Burn In Case Of Evil: Cain’s Story, Part One
Burn In Case Of Evil: Cain’s Story, Part One
HA note: The author’s name has been changed to ensure anonymity. “Cain” is a pseudonym.
Religious fanatics simply ruin children.
The quaint, happy, innocent life of a child can quickly be replaced by the stark absolutes of fanaticism. Muslim, Christian, and Jew are one in the same monster. Their fanatics take different names, they act in different ways, but they are all the same. Fanatics know no middle ground. They know no compromise – other than our mutual destruction. Bill Gothard turned my parents cultists and they focused all their energies “training up” a perfect son. My parents attended an Institute of Basic Life Principles conference and eventually joined ATI, Gothard’s homeschooling cult. I remember my mom coming in to tell me we were going to burn some things to remove the evil:
“Honey, your father and I have decided to make some changes around the house. We’re going to stop getting cable and we’re going to get rid of some of our things.”

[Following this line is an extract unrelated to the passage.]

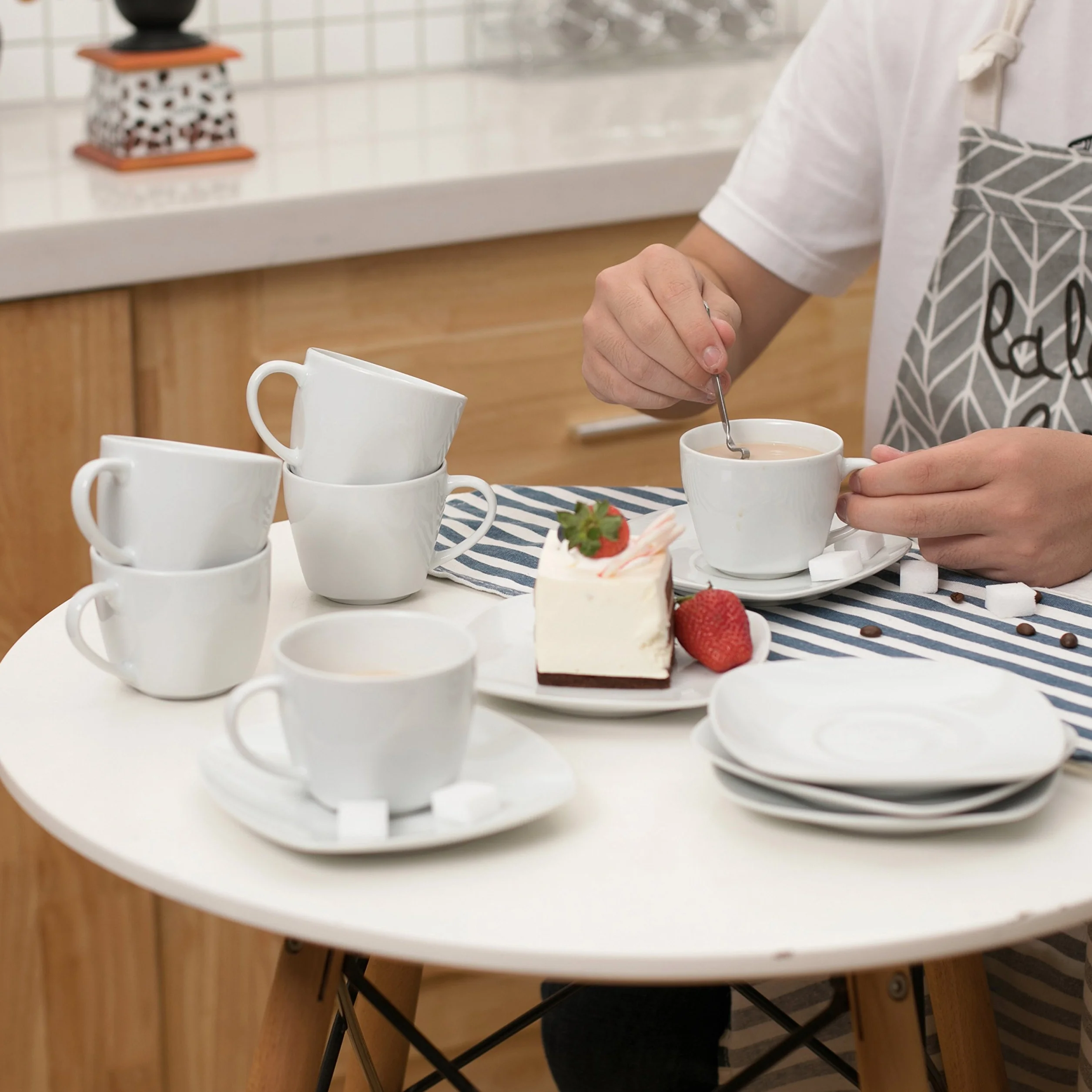 MALACASA, Serie Elisa, 12tlg. Set Cremeweiß Porzellan Kaffeeservice Kaffeebecher Set, Kaffeetassen mit Untertassen für 6 Personen für Kaffee, Tee, Desserts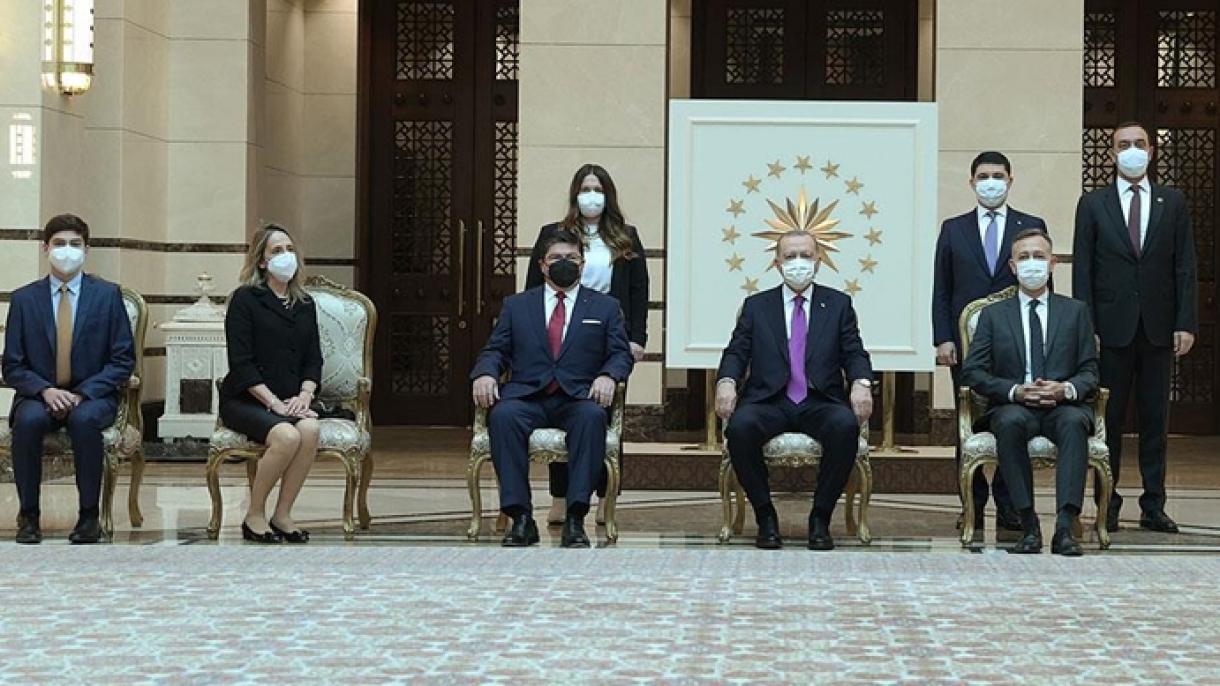 Daşary ýurtly ilçiler Prezident Erdogana ynanç hatlaryny gowşurdylar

“Ok, mommy. What are we getting rid of?”
“We are going to get rid of our evil books,” she said.
I had never thought a book could be evil. But I certainly wanted to get rid of all the evil books we had! My parents explained that we would be burning books, movies, and records.
“Of course, mommy! I’ll look through my books right now!”
There was only one book that stuck out to me as especially “evil.” I can’t recall the exact title, but I remember that the title had something to do with the devil. Of course, it was really just about a submarine voyage, or maybe some Moby Dick variation. It was part of a compilation, so my mother said we didn’t have to burn the whole book, maybe just the title page. Not many people have experienced a book burning, I must say. I guess that makes me special?
Children are so impressionable. In retrospect, most everything I was taught was ridiculous and mostly untrue. Rock and roll was not invented by the devil, or even just by the “evil Africans” who brought over their “demon beats” in an attempt to corrupt America. But what child is going to risk being possessed by demons just because they listen to rock music? I certainly wasn’t. It was easy for others to convince me I needed to proselytize, pass out tracts, and otherwise make myself a general asshole. My adolescence was little more than a protracted church service. When you’re homeschooled, the son of fanatics, and not allowed to even go in the neighbor-children’s houses, it’s difficult to think for yourself. I was always a well-mannered, funny kid, so I had friends, but I was beyond sheltered.
I always felt that “normal kids” had it so easy. I envied the kids that attended private school and my parents would not let me attend a school outside of our home. Of course, I did not envy the public school kids, because I was told that they were being brainwashed by a communistic system and God was being forced out. Before I became involved in NCFCA (a Christian, homeschool speech and debate league), I was a huge sports nut and I always craved the camaraderie and friendship of the people on my team. My parents did not allow me to go into my neighbor’s houses because I might see some television – yes, I am being serious.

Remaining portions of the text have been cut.